AFD : Vers la pérennisation des programmes de développement rural

Trois conventions de financement ont été signées avec l’Agence Française de Développement (AFD) dans le cadre de programmes d’appui à la formation et au secteur agricole. Des conventions qui viennent consolider le 3ème C2D.

JPEGAu cours des mois de juin et juillet, trois conventions de financement ont été signées concernant des programmes d’appui à la formation et à l’insertion professionnelle (AFOP), d’appui conseil et de financement des investissements productifs (ACEFA) dans le secteur agricole et halieutique ainsi que d’appui à la maîtrise d’ouvrage communale et la décentralisation (PNDP). Le Cameroun et la France ont fait le choix, à travers la 3ème génération du contrat de désendettement et le développement (C2D), de consolider et de pérenniser les acquis de ces dispositifs.

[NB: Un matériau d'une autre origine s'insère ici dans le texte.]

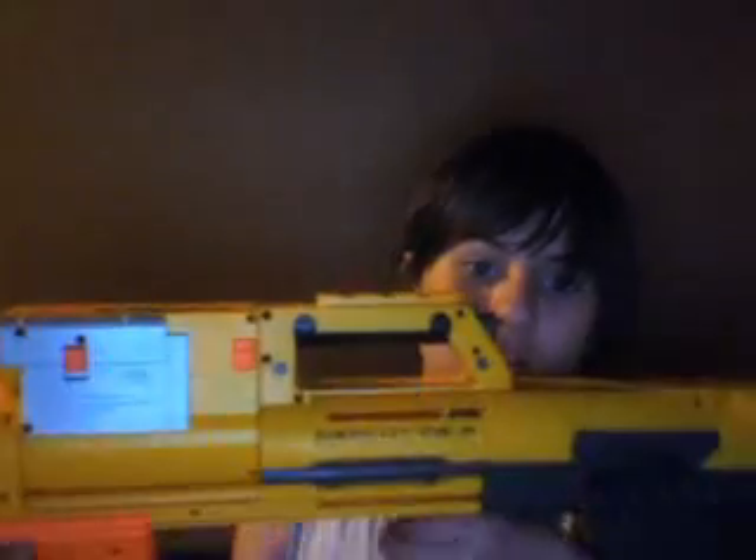Hey guys, WSJ Movies here. Really quick — guess what I picked up today? The Deploy. I got it at Target for 16 bucks. I was gonna buy four, but they only had two left, so I got one. The Deploy.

L’économie camerounaise repose essentiellement sur l’agriculture et l’élevage (27% du PIB), pratiqués essentiellement par des exploitations familiales agropastorales (EFA) de petite taille sur une surface moyenne de 2,5 hectares. Ces agriculteurs/trices, qui sont à la fois les managers et les travailleurs de ces exploitations, sont aussi les plus pauvres du pays tout en étant responsables de près de 80% de la production agricole nationale. Pour le gouvernement, l’amélioration de leurs conditions de vie passe entre autres par l’accélération de la croissance agricole en milieu rural.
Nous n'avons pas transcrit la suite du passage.